As previously reported in this space, the impetus for the rule is uncertainty created by a 2006 Supreme Court decision in Rapanos.  In that case, a 5-4 split Court held that the government had overstepped its authority, but failed to issue a majority opinion.  Instead, four justices, led by Justice Scalia, proposed a rule in essence requiring that the subject waters or wetlands be free flowing and obviously wet.  The concurring opinion by Justice Kennedy would instead look for a “signficant nexus” between a wetland and a navigable waterway.  The lower courts have struggled ever since to discern a clear jurisdictional definition.

At first glance, the final rule does not veer much from the draft.  For a comprehensive analysis of the draft rule, including the cases leading up to the rule, see the American College of Environmental Lawyers report for the Environmental Council of the States.  Although EPA and the Corps have declared that the rule does not represent a major policy shift, a diverse ACOEL writing team—made up of experts in academia, non-profit organizations, and private practice—had differing opinions.  Some saw a sea change in federal policy, while others believed the draft rule was simply a restatement of existing policy.
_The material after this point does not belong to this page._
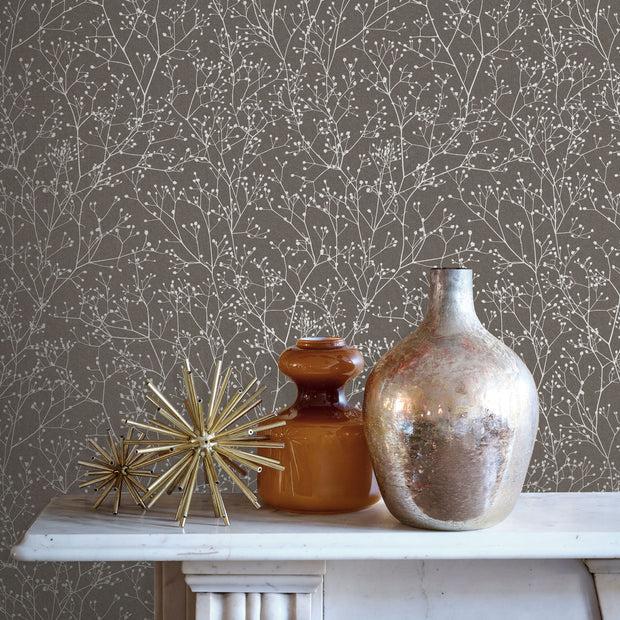 clarissa hulse Gypsophila Wallpaper - Mocha & Silver (120369)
Congress has been fulminating about government overreach since the draft rule was published.  On May 12, 2015 the House passed HR 1732, the Regulatory Integrity Protection Act, in an effort to block the final rule.  If the Senate passes the bill, Congress will need to muster the votes to override a certain presidential veto.

Although the purpose of the final rule is to provide some certainty as to the scope of Clean Water Act jurisdiction, it is highly likely to be challenged by industry groups in the courts.  That means years of litigation and appellate review across the country, ultimately landing once again before the Supreme Court.  Whether we get clarity this time from the Court remains to be seen.